For her, it was a way to meet new people and introduce them to her Malaysian heritage through food.
“I came here, and I didn’t know anybody, so I had to go through this phase of trying to find and rebuild my social circle,” Goh said in a phone interview with SFGATE. “I was surprised to hear that many of them commented that I was the first Malaysian person they had ever met. And they were really curious to know about my food culture.”
Since Malaysia is a very multicultural nation, she found it hard to describe the cuisine to her new friends through words because “there is no one way to describe it.” By her estimation, it is different to different people. She then tried to take them to Malaysian restaurants in San Francisco, but again, was unsatisfied with the results she was showing her friends.

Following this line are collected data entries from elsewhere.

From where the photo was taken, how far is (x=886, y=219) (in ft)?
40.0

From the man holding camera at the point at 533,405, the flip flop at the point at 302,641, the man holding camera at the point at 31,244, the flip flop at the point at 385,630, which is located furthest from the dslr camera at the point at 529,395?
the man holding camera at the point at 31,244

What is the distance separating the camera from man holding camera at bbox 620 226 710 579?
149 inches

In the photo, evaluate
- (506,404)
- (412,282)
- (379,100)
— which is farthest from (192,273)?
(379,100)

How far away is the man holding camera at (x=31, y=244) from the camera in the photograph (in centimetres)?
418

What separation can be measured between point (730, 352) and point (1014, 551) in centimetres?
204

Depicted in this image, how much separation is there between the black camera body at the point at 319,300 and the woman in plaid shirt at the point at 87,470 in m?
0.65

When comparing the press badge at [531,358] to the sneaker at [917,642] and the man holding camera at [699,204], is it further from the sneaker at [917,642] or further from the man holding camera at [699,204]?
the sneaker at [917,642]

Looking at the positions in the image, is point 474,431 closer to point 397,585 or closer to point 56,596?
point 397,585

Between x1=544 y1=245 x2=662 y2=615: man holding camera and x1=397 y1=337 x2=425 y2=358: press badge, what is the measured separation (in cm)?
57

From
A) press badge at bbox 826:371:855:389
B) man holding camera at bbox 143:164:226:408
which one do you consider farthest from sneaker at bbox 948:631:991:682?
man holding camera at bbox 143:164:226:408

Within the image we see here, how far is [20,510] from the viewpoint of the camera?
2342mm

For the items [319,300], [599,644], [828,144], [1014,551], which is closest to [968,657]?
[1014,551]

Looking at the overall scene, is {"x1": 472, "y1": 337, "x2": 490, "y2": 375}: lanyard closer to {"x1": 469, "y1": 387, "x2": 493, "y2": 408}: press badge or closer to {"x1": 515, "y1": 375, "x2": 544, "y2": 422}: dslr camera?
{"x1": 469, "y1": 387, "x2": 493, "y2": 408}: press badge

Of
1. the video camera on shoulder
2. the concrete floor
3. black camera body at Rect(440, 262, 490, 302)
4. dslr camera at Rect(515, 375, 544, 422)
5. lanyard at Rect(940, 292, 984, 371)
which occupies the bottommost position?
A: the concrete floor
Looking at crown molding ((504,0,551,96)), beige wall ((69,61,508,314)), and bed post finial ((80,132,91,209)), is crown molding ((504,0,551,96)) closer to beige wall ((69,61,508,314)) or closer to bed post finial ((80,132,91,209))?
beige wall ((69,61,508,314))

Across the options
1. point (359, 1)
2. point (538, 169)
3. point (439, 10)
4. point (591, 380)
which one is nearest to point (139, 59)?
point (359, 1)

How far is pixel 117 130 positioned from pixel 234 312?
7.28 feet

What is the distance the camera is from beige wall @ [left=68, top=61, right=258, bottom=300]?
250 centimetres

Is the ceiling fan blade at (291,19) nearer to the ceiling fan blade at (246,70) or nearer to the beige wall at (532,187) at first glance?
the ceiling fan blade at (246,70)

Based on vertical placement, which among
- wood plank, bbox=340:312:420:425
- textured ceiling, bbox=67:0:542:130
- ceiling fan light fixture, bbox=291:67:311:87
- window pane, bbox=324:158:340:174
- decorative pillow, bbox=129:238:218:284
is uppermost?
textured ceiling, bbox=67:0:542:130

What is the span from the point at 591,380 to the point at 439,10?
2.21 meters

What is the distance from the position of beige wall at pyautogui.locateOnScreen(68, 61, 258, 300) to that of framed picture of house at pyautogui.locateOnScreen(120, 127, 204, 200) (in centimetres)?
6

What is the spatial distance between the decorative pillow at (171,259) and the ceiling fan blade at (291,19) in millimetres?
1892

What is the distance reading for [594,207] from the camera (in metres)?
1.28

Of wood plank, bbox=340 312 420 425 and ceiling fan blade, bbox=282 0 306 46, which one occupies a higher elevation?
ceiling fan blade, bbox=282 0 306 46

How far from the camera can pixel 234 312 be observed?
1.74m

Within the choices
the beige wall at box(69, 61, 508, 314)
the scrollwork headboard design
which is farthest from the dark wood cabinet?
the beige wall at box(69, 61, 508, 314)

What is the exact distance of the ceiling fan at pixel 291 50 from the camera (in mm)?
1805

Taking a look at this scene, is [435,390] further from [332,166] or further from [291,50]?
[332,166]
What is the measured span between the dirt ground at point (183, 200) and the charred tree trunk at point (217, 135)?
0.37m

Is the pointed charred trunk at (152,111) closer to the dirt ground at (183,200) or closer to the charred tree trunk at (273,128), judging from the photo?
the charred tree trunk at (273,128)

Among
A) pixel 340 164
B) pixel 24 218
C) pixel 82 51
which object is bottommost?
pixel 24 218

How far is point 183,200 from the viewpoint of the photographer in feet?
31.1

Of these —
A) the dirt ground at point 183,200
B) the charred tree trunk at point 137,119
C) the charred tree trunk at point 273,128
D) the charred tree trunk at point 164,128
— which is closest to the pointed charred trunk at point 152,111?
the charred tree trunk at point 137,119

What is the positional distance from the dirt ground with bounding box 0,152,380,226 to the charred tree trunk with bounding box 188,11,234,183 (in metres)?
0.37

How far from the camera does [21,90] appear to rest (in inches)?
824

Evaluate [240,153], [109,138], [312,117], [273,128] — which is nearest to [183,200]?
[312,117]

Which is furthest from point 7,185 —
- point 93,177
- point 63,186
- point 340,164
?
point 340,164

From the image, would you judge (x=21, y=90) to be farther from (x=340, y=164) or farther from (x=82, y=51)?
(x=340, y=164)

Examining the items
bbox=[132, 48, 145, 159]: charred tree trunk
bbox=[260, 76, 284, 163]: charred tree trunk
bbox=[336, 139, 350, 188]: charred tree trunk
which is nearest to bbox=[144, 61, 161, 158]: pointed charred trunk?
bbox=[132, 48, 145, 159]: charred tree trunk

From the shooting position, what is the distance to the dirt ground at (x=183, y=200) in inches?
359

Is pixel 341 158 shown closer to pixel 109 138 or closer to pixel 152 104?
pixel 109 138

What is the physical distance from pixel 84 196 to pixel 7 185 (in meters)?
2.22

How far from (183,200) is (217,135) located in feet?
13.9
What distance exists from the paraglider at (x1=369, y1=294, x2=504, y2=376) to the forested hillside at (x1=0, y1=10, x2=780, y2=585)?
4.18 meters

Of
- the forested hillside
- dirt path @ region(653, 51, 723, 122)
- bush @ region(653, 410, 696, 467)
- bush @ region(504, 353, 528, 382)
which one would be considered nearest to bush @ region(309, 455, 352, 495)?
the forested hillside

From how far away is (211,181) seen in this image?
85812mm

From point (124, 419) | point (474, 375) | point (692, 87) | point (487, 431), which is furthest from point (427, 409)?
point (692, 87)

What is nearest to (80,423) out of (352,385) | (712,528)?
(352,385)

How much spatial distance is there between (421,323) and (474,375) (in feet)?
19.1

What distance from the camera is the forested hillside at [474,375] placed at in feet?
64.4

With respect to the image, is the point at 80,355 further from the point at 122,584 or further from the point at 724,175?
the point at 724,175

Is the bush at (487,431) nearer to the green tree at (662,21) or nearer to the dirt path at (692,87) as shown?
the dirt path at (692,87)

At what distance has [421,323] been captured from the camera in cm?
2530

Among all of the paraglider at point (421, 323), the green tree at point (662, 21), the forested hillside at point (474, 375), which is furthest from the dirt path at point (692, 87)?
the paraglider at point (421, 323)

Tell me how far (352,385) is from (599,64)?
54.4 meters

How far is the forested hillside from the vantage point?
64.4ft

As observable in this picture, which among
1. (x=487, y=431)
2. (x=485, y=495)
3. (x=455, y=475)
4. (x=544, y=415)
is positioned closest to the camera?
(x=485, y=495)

“I realized that was like a huge lack of understanding or exposure to our nation’s food,” she said. “And the few places that I knew of in the city [in 2012], they were not exactly just Malaysian. They are all kinds of Southeast Asian [cuisine] in one.”
This set Goh on the path to introducing as many people as possible to her version of Malaysian food.
She started by hosting pop-up dinners in her one-bedroom apartment shortly after she immigrated to the U.S. in 2012. Even though she didn’t grow up cooking in her house as a young person, she was lucky to be exposed to a rich appreciation for food and family by her parents. Her mother, a businesswoman, was the main cook in the house. While she had a busy work schedule, she always made time to cook meals every weeknight.
“She would always tell us that, you know, sitting around the dinner table to have at least dinner together was very important,” Goh recounted.
Her father was also instrumental in the subtle hints that would eventually lead Goh to own a restaurant. He was perhaps a “foodie” before the term even existed. “Whenever he read a local paper or a paper mentioned some new eateries, he would drive us to go try it,” she said. “Sometimes it wasn’t even a restaurant, it was just like a food cart, like a four-hour drive from where we were. But he would take us there.”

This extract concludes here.